JAKARTA _ mamatnews.com — Harga tanah dan properti di Indonesia cenderung terus meningkat, terutama di kawasan yang berkembang pesat. Kenaikan ini tidak terjadi secara serentak di seluruh wilayah, melainkan dipengaruhi oleh kombinasi berbagai faktor, mulai dari keterbatasan lahan, pertumbuhan penduduk, hingga pembangunan infrastruktur.

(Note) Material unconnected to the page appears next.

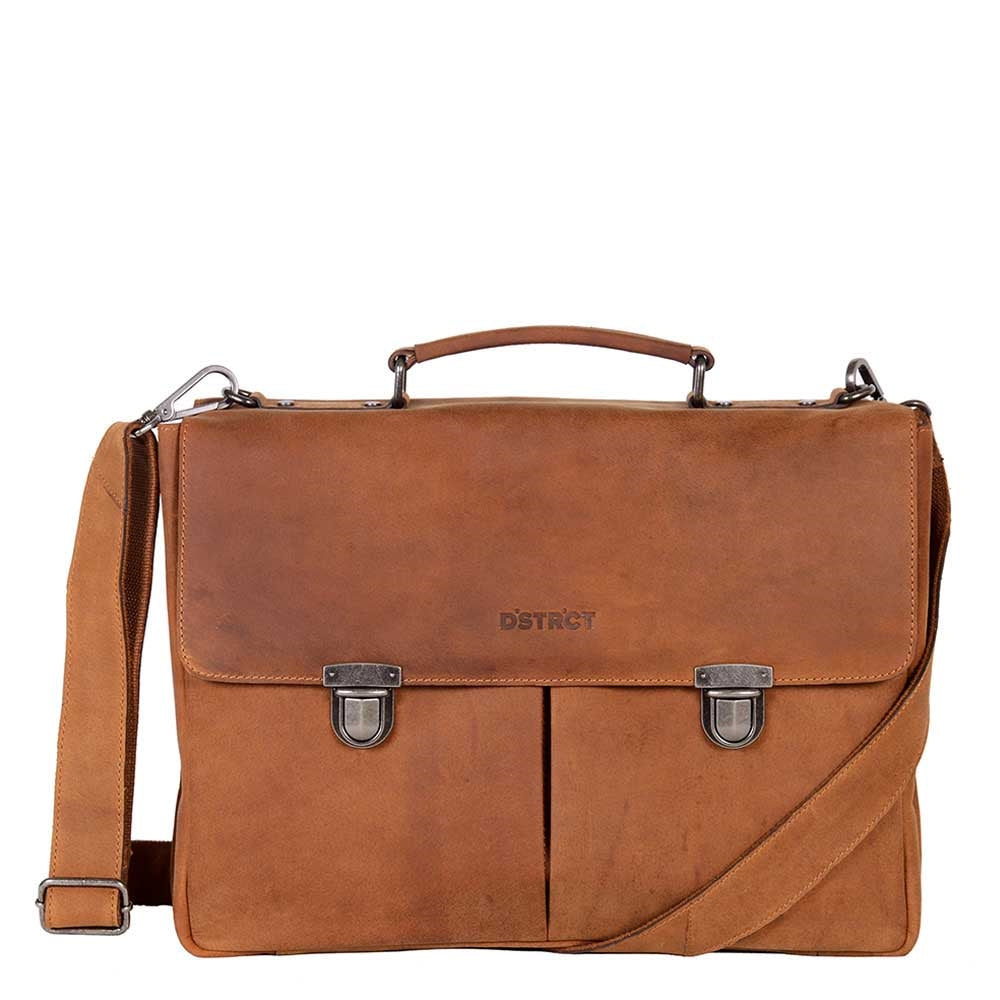 DSTRCT Wall Street Aktetas 15,6 inch cognac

Berdasarkan data Badan Pusat Statistik (BPS), Indeks Harga Properti Perumahan mencatat pergerakan harga di 58 kabupaten/kota pada 2025. Sementara itu, Bank Indonesia mencatat Indeks Harga Properti Residensial pada triwulan IV 2025 tumbuh 0,83 persen secara tahunan, relatif stabil dibandingkan periode sebelumnya. Penjualan properti di pasar primer justru naik 7,83 persen, didominasi rumah tipe kecil dan menengah.
Kenaikan harga tanah dipicu beberapa hal utama:
– Ketersediaan lahan terbatas — di kawasan berkembang, lahan kosong semakin sedikit sementara kebutuhan hunian dan usaha terus bertambah, sehingga nilai tanah di lokasi strategis melonjak.
– Pertumbuhan penduduk — permintaan tempat tinggal meningkat sementara pasokan lahan tetap, mendorong harga naik terutama di pusat ekonomi dan pemerintahan.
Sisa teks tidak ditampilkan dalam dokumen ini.